The baby quilt is finished!
I'm always a little in awe of what I find I can do if I put my mind to it. I didn't make a good decision on the backing material so it's stripey. Hand quilting on stripey material may not be the wisest thing. Every little wobbley line is pretty evident. I had so much backing material that I made a baby kimono from a tutorial found here: http://habitual.wordpress.com/tutorials/. It's kinda crazy looking. I just decided this morning that I need to make a black and orange one with a tiger embroidered on it. So I guess I need to find a tiger pattern that will workAnd all signed. When I thought about what I should put, name, date, whatever, the Spanish wouldn't leave my head. Her parents are very international so I can only imagine that she will be as well.
Anyways, I'm a little pleased with myself. I've learned a lot with this whole experiment and can certainly see myself making another one or two in the near future. Especially since there's another baby on the way in December.

7.22.2008

I could have rolled around on them For. Ever.

I have a bad habit. OK, I have several bad habits. But one of them is buying something and then not using it for a long time. Mostly because I'm worried to spoil the whole newness of it. I've done this with art supplies - waiting a year or two to try out new paints. I've done this with bathroom rugs - God forbid my dirty toes touch it before I hit the shower.

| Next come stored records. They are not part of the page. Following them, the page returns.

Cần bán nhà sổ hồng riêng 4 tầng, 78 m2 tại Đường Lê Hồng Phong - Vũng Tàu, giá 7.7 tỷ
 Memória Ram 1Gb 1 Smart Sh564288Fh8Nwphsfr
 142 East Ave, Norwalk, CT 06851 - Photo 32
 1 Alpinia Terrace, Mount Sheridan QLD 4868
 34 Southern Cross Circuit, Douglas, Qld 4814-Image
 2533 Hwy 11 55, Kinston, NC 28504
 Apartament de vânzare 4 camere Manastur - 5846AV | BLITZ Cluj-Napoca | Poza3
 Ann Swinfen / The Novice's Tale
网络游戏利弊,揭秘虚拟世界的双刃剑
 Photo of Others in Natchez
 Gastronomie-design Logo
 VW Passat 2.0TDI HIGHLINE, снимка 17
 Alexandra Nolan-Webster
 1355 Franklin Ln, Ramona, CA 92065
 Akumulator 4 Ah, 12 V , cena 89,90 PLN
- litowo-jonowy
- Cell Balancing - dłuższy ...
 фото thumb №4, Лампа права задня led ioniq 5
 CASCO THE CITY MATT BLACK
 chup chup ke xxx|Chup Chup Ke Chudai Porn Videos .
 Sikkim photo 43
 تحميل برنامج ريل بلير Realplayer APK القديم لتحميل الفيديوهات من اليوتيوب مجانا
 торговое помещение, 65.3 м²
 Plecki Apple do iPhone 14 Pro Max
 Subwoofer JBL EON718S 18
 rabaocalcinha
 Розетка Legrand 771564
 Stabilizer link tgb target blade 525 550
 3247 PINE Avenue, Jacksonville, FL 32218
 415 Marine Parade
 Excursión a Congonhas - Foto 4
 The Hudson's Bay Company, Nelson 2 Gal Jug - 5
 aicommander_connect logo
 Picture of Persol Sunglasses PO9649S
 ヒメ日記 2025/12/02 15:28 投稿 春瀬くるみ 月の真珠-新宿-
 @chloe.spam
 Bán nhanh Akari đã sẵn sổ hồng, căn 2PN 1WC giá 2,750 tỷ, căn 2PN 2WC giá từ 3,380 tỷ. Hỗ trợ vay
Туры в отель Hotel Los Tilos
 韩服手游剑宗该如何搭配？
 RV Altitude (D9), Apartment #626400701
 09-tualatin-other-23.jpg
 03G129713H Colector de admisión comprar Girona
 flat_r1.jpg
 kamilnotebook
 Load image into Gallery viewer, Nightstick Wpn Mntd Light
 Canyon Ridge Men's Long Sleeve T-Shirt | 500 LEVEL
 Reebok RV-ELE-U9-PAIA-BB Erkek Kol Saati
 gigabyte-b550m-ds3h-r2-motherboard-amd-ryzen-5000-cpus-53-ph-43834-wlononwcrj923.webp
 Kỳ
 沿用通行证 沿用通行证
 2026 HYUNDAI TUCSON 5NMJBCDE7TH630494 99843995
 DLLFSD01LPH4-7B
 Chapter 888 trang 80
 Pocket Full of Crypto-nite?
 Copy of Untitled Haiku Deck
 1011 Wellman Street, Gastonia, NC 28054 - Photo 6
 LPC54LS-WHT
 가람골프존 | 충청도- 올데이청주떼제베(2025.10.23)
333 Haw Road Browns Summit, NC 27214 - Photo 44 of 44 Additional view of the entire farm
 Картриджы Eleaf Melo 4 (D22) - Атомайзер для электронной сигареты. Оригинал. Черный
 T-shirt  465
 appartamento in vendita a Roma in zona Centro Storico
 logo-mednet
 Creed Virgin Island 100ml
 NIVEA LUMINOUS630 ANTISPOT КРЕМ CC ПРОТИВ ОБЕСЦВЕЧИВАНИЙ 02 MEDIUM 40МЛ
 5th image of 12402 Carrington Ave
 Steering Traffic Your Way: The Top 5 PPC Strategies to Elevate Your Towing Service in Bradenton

One of my most recent transgressions has been a set of sheets I bought, oh, back in August or September. They were on sale at Target ($13) and I had just gotten this new bed for which I thought new sheets might be nice. So I snatched them up and they've just been sitting around my house, staring at me. And every once in a while I think, "I should use those someday." Well, after Sunday's adventures, and finally getting the sheets and mattress pad and pillow covers and bedspread washed, I decided I might as well make the bed that hadn't been made since Wednesday morning (when I found out about my car). And I used these sheets that were new but not so new. Holy softness people! They're fantabulous! I kept petting them in wonderment as I worked on the quilt. I know, I'm weird.

7.21.2008

It could have been worse

The weekend, well, it could have been worse. I had been hoping to get down to Hyde Park to see some friends do a benefit concert on Friday night but because of transportation issues, that idea was rendered near impossible. But, I did stop at the fabric store on my way home from work (after walking two blocks in the rain) and picked up some really fun fabric for cheap. I might need to find a skirt pattern for some of it that I bought, it's just that cute. Saturday I saw some friends and heard some good discussion on a topic that has been burning in my ear for a few weeks. Today I woke up and worked on the binding for the quilt. That is just a lot of work my friends, making binding. And I told myself that I needed to get the stuff washed that I had been planning to do this past week at my friend's house. If only I had gotten up from the quilting work earlier, it might not have been a problem. But the laundry room in my building has very limited facilities. Two washers working (of four) on a good day. When I got down there someone was just starting a couple of loads. So I trundled off to the laundromat a block away. Got my loads started. Came back home. Waited for about 45 minutes before I left again.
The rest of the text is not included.